◆ **TASK TO COMPLETE**
Beginning with the line that holds "Poster a white" and ending with the last line below, please copy every line exactly, add nothing, and leave out the pictures.

◆ **DATASET CONTENT**
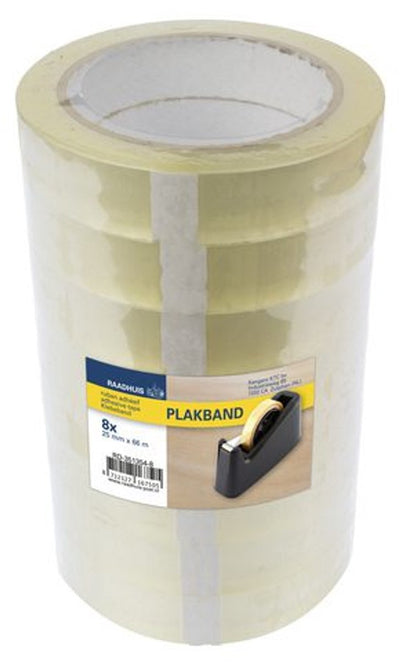 Ruban adhésif pour maison municipale - 25 mm x 66 m - pp transparent - rétractable à 8 rouleaux - rd-351354-8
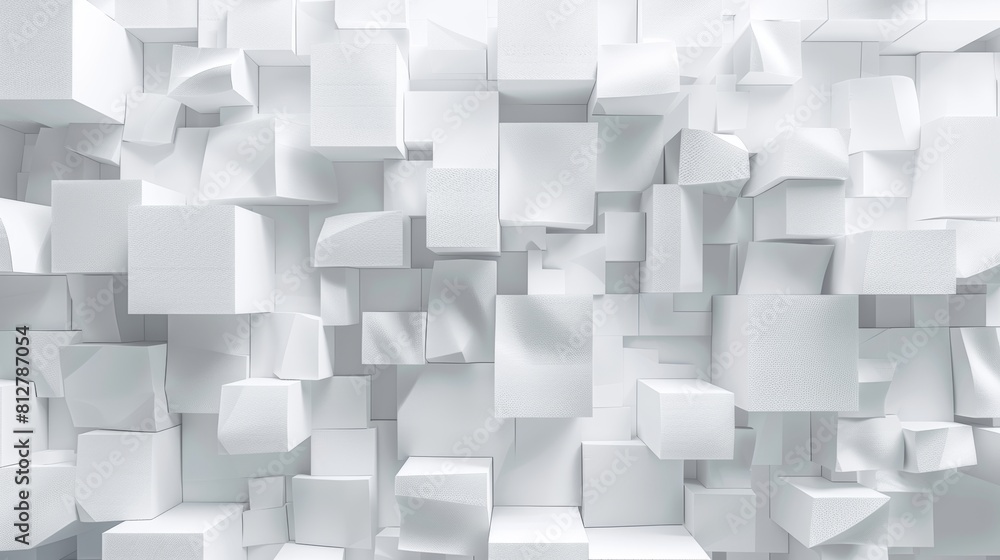 Poster a white graphic design with an abstract cube background.
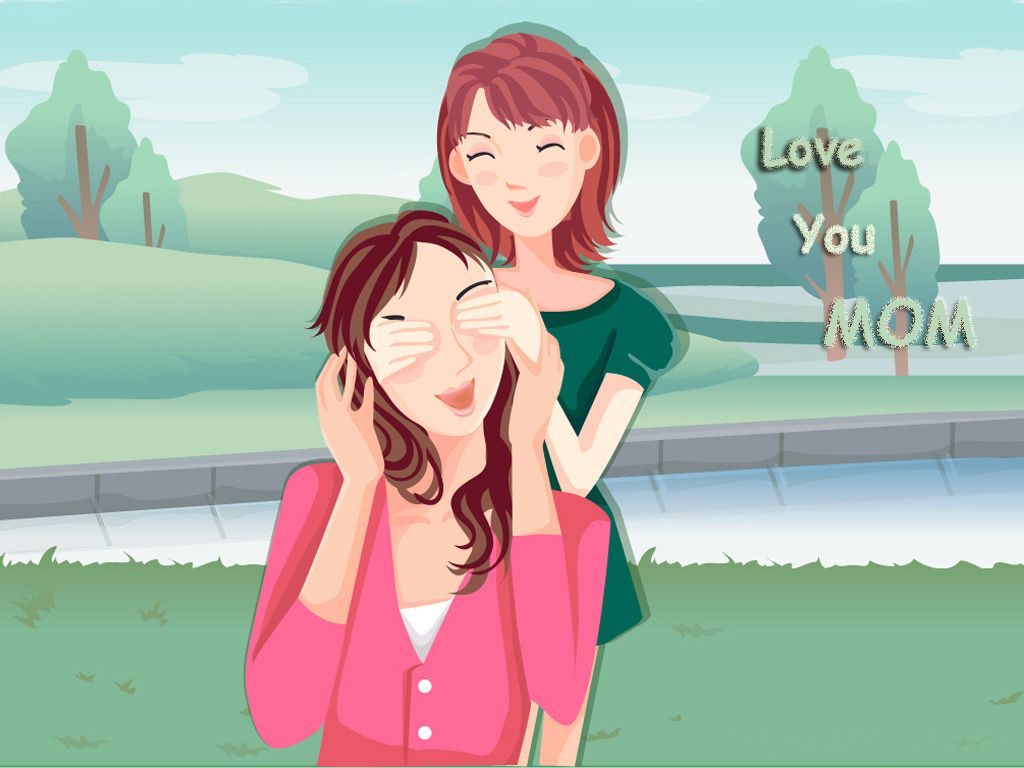 Mothers Day Cartoon Daughter And Mother - HD Wallpaper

◆ **EXERCISE ANSWER**
 Poster a white graphic design with an abstract cube background.
 Mothers Day Cartoon Daughter And Mother - HD Wallpaper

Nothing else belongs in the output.